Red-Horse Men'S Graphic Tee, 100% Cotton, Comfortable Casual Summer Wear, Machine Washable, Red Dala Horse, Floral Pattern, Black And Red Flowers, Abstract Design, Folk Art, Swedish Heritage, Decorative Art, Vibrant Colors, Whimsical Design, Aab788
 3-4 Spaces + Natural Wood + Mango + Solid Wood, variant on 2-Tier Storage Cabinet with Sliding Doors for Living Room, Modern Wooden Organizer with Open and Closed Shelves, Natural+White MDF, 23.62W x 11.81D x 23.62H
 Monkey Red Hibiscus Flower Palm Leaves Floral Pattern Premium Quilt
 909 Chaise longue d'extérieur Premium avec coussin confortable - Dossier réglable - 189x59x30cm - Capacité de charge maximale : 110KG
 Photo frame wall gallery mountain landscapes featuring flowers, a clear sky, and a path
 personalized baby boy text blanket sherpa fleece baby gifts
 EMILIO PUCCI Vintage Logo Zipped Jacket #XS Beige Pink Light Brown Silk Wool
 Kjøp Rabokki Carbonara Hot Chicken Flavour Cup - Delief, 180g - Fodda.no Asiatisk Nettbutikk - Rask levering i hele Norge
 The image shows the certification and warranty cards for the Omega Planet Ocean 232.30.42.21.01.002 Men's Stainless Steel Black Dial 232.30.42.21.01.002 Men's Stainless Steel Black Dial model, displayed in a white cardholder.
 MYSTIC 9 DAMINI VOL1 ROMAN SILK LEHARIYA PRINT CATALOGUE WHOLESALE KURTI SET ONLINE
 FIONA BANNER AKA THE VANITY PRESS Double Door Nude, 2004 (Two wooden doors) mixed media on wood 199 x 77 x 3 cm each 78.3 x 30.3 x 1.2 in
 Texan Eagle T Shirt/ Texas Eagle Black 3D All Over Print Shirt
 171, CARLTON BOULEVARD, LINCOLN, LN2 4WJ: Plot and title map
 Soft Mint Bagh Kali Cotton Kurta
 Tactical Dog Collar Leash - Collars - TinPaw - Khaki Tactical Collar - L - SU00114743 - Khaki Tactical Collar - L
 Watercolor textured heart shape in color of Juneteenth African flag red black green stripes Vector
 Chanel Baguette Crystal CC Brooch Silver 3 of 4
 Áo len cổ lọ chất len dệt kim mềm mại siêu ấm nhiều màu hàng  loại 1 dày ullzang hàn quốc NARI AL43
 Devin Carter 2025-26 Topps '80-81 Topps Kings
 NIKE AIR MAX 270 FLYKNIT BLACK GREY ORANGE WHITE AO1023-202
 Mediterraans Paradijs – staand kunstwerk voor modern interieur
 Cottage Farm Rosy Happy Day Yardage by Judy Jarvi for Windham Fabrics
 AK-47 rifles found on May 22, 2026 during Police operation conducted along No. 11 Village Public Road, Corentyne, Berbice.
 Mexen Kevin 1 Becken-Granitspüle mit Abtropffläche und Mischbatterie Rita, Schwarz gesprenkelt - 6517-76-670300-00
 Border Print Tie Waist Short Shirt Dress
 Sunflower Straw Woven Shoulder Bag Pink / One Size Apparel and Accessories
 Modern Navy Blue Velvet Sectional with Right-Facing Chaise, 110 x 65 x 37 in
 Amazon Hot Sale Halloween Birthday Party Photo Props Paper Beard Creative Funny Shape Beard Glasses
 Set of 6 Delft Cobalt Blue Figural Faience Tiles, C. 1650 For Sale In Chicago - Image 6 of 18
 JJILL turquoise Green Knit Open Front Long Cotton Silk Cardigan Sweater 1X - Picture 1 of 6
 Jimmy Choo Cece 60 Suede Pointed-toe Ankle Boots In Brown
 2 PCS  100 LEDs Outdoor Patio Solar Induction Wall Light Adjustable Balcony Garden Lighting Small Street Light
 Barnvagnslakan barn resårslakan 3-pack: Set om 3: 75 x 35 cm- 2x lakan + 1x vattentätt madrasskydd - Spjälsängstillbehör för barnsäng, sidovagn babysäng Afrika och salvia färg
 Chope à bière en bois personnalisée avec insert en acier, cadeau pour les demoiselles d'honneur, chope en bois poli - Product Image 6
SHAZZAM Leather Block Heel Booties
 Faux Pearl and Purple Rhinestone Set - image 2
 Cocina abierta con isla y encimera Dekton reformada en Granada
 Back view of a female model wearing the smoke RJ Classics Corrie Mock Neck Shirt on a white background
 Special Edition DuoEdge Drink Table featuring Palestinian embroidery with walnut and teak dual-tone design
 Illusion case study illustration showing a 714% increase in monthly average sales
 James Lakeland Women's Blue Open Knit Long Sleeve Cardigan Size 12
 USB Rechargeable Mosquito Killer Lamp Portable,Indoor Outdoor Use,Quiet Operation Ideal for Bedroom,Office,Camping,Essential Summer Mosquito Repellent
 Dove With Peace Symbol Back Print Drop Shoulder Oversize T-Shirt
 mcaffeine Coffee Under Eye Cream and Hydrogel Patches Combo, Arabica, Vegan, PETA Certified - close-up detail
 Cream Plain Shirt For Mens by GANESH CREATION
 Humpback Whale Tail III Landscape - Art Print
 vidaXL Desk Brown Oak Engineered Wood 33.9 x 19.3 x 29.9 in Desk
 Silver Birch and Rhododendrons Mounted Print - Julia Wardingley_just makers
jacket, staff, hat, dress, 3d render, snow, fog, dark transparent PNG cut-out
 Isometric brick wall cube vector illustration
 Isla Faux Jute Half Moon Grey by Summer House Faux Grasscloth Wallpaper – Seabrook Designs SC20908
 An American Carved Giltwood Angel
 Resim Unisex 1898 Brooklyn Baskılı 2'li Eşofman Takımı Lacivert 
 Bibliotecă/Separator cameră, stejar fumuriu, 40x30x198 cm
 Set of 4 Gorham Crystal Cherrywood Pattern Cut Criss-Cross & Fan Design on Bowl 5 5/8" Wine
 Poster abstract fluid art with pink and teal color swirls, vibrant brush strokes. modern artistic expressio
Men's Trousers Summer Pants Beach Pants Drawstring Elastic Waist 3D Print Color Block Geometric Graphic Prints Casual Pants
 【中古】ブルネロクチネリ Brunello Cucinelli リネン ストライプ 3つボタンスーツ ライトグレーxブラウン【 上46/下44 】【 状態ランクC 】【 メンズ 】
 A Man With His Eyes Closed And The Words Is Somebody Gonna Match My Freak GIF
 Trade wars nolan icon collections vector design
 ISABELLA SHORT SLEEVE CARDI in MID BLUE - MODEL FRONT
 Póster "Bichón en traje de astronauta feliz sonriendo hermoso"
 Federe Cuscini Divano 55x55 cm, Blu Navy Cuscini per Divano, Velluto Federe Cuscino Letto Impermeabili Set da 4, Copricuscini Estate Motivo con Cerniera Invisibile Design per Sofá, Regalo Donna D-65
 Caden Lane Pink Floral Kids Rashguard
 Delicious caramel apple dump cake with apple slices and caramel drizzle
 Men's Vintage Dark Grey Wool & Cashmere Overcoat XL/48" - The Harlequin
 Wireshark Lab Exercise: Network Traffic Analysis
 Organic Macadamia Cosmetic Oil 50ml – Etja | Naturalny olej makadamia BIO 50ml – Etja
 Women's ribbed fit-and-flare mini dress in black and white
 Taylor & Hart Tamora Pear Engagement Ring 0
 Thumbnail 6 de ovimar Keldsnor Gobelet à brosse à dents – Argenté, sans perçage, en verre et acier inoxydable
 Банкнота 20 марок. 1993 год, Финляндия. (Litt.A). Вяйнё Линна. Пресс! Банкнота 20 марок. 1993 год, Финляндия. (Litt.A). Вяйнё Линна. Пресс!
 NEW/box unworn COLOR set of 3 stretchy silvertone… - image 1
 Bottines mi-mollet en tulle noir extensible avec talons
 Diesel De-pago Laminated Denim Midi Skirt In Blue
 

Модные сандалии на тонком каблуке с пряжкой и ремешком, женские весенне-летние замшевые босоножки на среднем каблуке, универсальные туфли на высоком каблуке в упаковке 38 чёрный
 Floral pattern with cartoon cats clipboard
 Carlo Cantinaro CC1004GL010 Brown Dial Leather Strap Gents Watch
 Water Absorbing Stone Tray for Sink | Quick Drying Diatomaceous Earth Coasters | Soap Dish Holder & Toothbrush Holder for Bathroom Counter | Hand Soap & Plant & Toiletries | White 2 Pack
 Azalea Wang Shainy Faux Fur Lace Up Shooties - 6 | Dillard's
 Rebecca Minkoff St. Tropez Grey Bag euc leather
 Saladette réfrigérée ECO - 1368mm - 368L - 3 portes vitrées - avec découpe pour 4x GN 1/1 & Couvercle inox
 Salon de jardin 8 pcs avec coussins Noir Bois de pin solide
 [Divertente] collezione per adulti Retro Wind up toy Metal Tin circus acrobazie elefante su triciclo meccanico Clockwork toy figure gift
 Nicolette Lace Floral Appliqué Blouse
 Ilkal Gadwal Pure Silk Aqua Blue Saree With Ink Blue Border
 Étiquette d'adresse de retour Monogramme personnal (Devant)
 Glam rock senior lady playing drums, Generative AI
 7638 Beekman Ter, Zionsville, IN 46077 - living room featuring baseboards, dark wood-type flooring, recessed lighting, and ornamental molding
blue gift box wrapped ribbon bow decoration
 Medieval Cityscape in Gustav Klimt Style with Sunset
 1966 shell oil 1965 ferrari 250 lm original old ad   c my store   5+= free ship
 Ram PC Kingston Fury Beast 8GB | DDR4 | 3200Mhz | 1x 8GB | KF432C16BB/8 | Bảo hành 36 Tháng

★ ★ ★ ★ ★

## WHAT TO DO:
Scan the records above for the word "Cream". Copy each line that has it.

## TASK RESULT:
 mcaffeine Coffee Under Eye Cream and Hydrogel Patches Combo, Arabica, Vegan, PETA Certified - close-up detail
 Cream Plain Shirt For Mens by GANESH CREATION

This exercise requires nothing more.